Tesla and Edison were both right. The “war of the currents” was really not about whether alternating current was superior to direct current. It wasn’t really about Edison’s creation of the power utility as an enterprise to generate and sell electric power versus Tesla’s idea to make electricity free and transmit it through the air. It was about making it all run under one solution.
Yes, it was also about making money. But the major issue was standardization. The nature of direct current is that it loses power over distance. Alternating current does, but to a drastically lesser degree. As an example, in solar power projects, even small ones, there is a preference for AC wiring due to the voltage drop of the direct current output of the solar panels. There is a calculable system loss in efficiency in using dc wiring which everyone in the industry would like to avoid. This is the primary motivation for microinverters being attached to each solar panel.

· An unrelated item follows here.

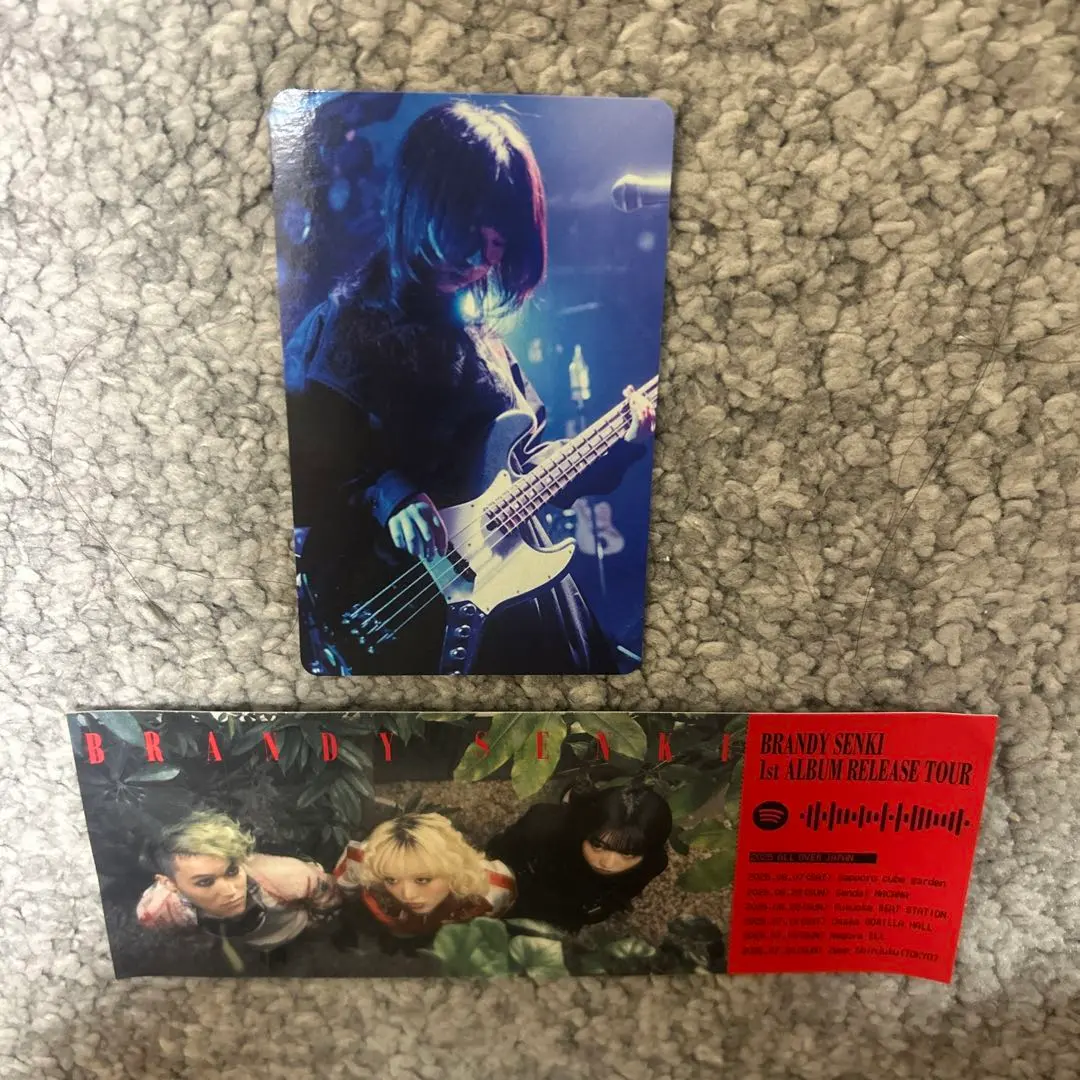 2026年最新】ブランデー戦記 チェキの人気アイテム - メルカリ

The irony is that 100 years after the war of the currents, they were both right. AC will travel over long distances with very little power line loss. DC is extremely efficient, and in fact, most devices run on DC so we have billions of tiny power converters in our “stuff” to get from AC to DC. (ever count how many AC to DC power supplies you have in your house? You will be amazed)
In the end, you need both. And this is the very thing that is wrong with the political nature of having the DOE picking technology favorites. Or for many in the alternative energy camps, supporting one solution to the exclusion of all others. The fact is that for any technology problem, there is rarely one dominant solution. There are usually several solutions that several multiple applications.
The most obvious example is in the automobile. In the 1920’s the car market was divided equally between hydrocarbon fueled vehicles, steam power cars and electric cars. Not until Ford and Rockefeller agreed to lower the price of cars and gasoline did the others disappear. Now, 90 years later, we find that electric car returning to the marketplace as gasoline becomes more expensive.
In the energy sector, we need to drill for oil and gas, we need nuclear power plants, and we need solar and wind power to become cost effective before they can become widespread assets in our mix of energy supply. In automotive sector, we need high mileage alternatives to the piston engine, and there are several that have demonstrated 2 to 3.5 times the miles per gallon, in addition to electric and hybrid options.
We don’t need the government picking technology “winners”. Compact fluorescent lighting, as an example, is going to be a disaster when someone has to figure out how to prevent the mercury in the bulbs from getting into the environment.
So when it comes to solutions, we need more, not less. Edison and Tesla were both right.